Des vignettes de cas cliniques viennent illustrer concrètement des moments d’interaction humanisante qu’il a eu à l’HP dans des situations de détresse extrême avec des personnes qui semblaient incontrôlables. Tout comportement ou délire a un sens, et malgré l’angoisse extrême du patient, le contact est toujours possible si on en prend la peine et le risque.

Mathieu Bellahsen se veut un héritier d’une bonne psychiatrie, celle qui vient en aide aux plus fragiles, d’une psychiatrie publique malmenée, d’hôpitaux où les portes des services restent ouvertes. Ainsi, il existe des hôpitaux exemplaires comme celui de Laragne (vers Gap), où la contention est proscrite et le recours aux chambres d’isolement limité et non pas systématique. La bonne psychiatrie a aussi un nom pour l’auteur, la psychothérapie institutionnelle, et lui-même s’inscrit dans la lignée des médecins progressistes de l’après-guerre : Tosquelles, Bonnafé, Oury, Chemla. Cette psychiatrie de la relation humaine en opposition à la fake psychiatrie qu’il nomme cérébrologie. Il s’agirait de faire renaître les pratiques humanisantes et socialisantes.
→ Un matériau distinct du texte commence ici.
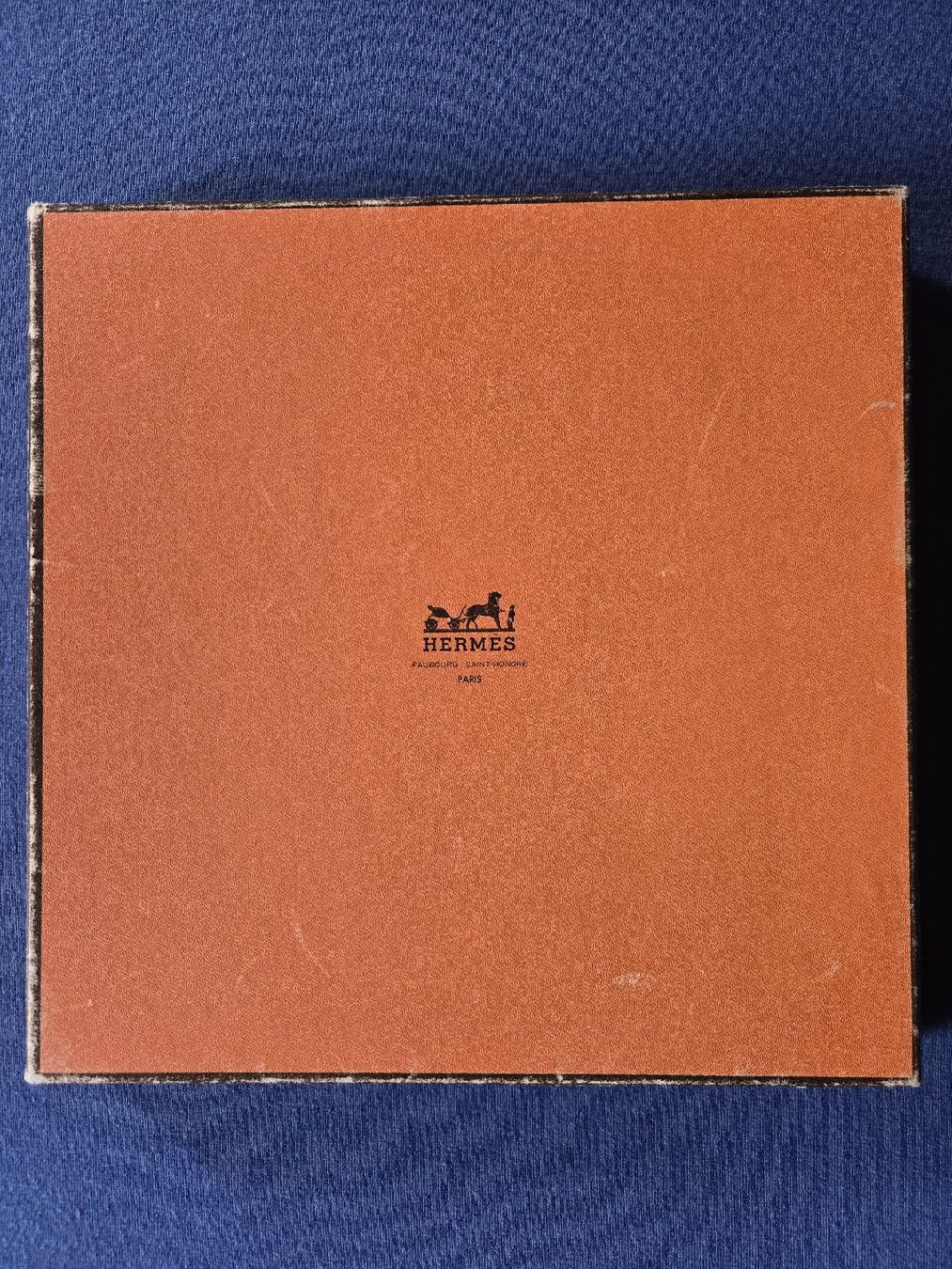 Hermès Foulards, Tücher & Schals: foulard carré Hermes – Gebraucht aus Montet (Broye) von CandiceD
Face au corps psychiatrique (comprendre tous les responsables d’hôpitaux et professionnels qui ont un pouvoir sur les personnes psychiatrisées), l’auteur, bien qu’il fasse partie de ce corps, en appelle à l’autodétermination des personnes psychiatrisées car le discours des soignants en demande de moyens est devenu inaudible. Il se veut un allié des psychiatrisé.es, survivant.es et usagers au service d’une psychiatrie critique qui respecterait enfin les droits fondamentaux.

On devrait semble-t-il accepter que la psychiatrie, l’HP, les chambres d’isolement et les traitements médicamenteux resteront là, même si on abolit la contention. Il s’agit de nous réconcilier avec la psychiatrie et de participer activement à une psychiatrie critique, notamment en intervenant dans la formation des professionnels. Une perspective à laquelle devraient adhérer à minima les pair-aidants et les associations d’(ex)usagers et de proches.

En conclusion, il en appelle à une coalition entre psychiatrisés et alliés pour faire tomber la contention tout en réclamant aux instances internationales d’œuvrer dans ce sens, à travers des travaux de recherches, des indicateurs, des statistiques, de visibilisation des bonnes pratiques à travers le monde.

Abolir la contention est une lecture éprouvante par séquences mais, dans son ensemble, c’est un ouvrage essentiel pour secouer les imaginaires, surmonter l’impuissance collective et faire bouger les politiques publiques.

Joan

Les références de l’ouvrage en question : Abolir la contention de Mathieu Bellahsen.
Ed. Libertalia, 216 pages, 10 €. Parution le 31 août 2023.